My Ireland blog, on the other hand, is the opposite. It’s impersonal and very ‘guide’ like. However, my traffic (and associated blog income) grew much faster. Now, part of that is because I’ve become a better writer over the years and learned about SEO, but it’s also partly because of my audience. I can keep them on my site longer. I have a bigger email group etc. However, because it is impersonal and I can’t write easily about the same things there as I do here and I don’t feel as connected to my audience. I also feel incredibly limited about what I can write for that blog versus this one.

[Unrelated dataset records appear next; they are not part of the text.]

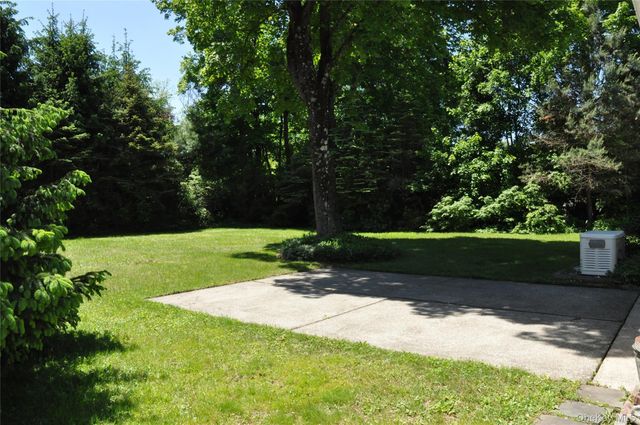 32 Fuller Lane, Hyde Park, NY 12538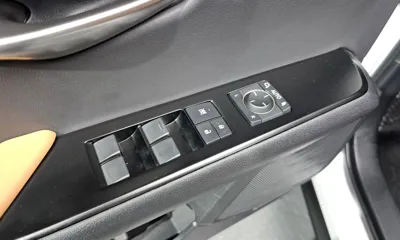 Lexus UX 2024, 24793 км, за 25206.77 USD - фото 17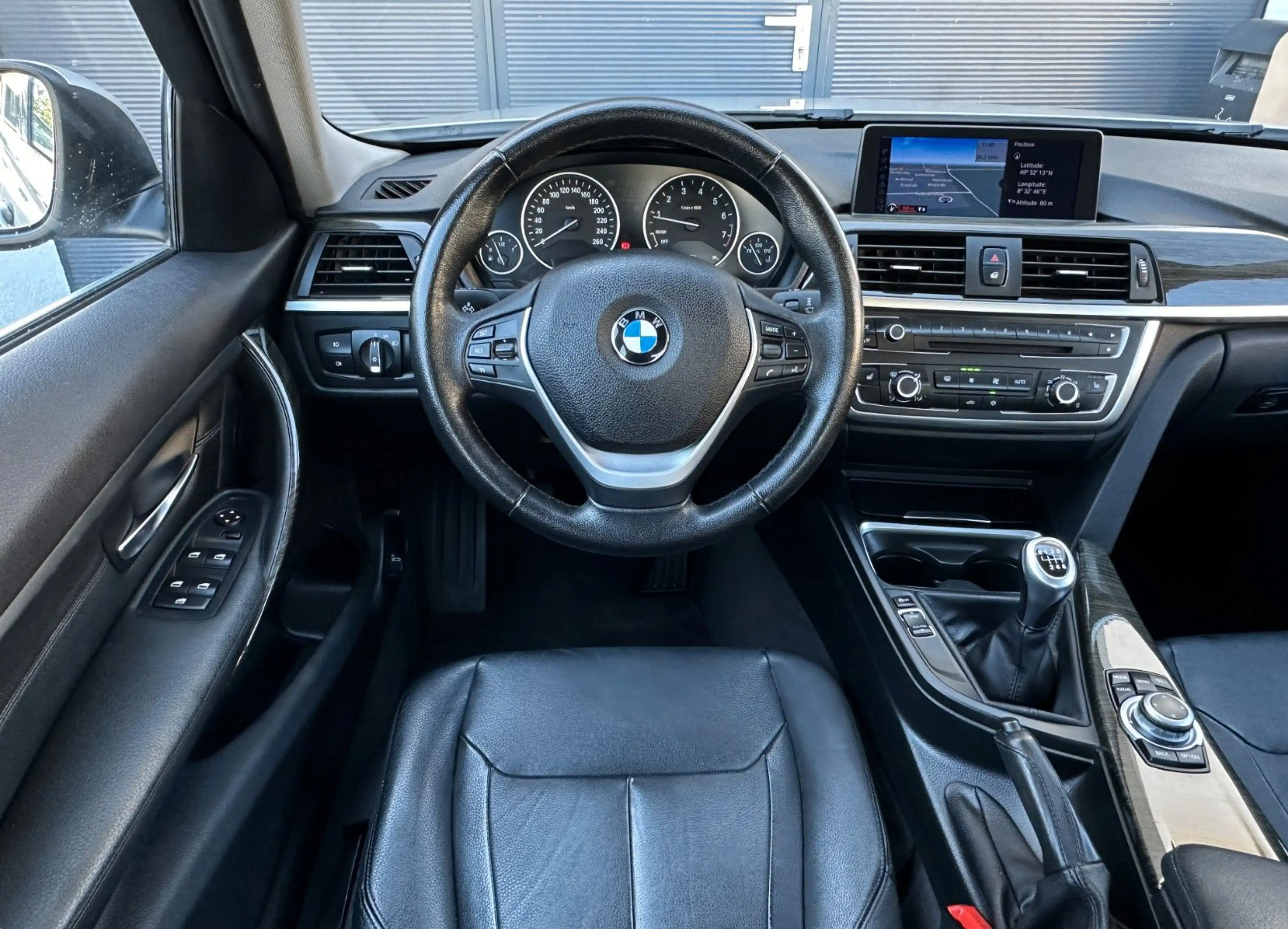 BMW 328 i Lim.*LUXURY-LINE*SHZ*PDC*XENON*TEMPOMAT* — photo 12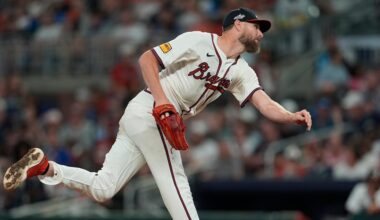 Chris Sale dominates as Braves hand Mets 5th-straight loss 5-0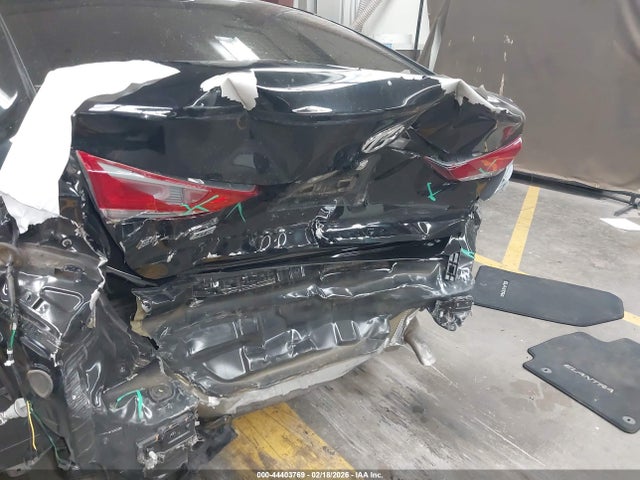 HYUNDAI ELANTRA SE - 6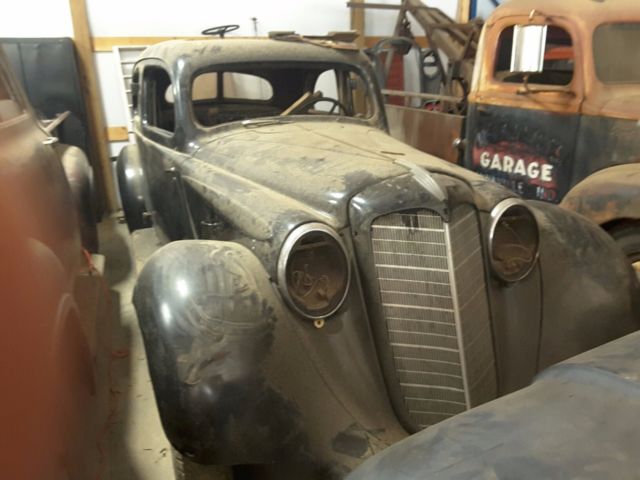 1935 Other Makes Factory - photo 2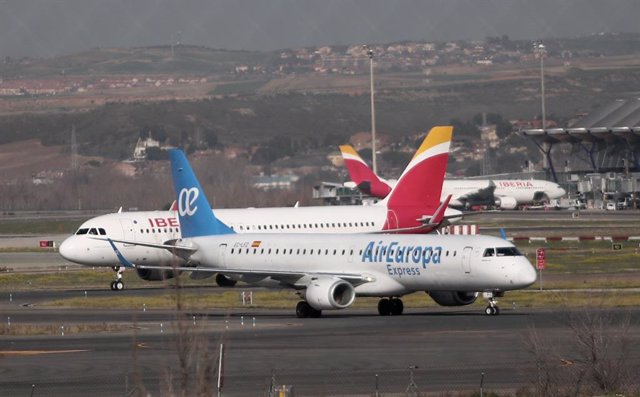 Un avión de Iberia y otro de Air Europa en las pistas del Aeropuerto de Barajas tras la reapertura del espacio aéreo de Barajas después de estar dos horas cerrado por la presencia de varios drones, en Madrid (España) a 3 de febrero de 2020.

As for freelance, in my experience, niche is the way to go. But, that doesn’t mean you can’t write about everything. They key is that when it comes to marketing yourself, market yourself as an expert for something specific.
I started off as a travel writer and I made terrible money. If someone offered to pay me $150 for 1000 words I was THRILLED. And let me tell you, those opportunities didn’t come often or easily. Now, I write mainly about personal finance which is a much more specific and niche topic. While there is still competition, I have managed to land myself a few regular clients that pay really well. I often make 4-figures from finance articles.
That being said, I still write about other things. I’ve written about food, lifestyle articles, etc. I include those pieces in my portfolio, but on social media and LinkedIn, where I hope people will find me, I specify that I am a travel blogger and freelance personal finance writer.
How to Choose a Niche for Your Blog: Questions to Ask Yourself
- Do I know enough about the subject?
- Do I actually like the subject and enjoy writing about it?
- Is there interest in the subject (can I solve a problem/question for others?)
- How will I be able to make money from this/ is it lucrative?
- How competitive is it?
- Can I continue to grow in this space or will I hit a threshold?
- Is there a big enough market/audience for this topic?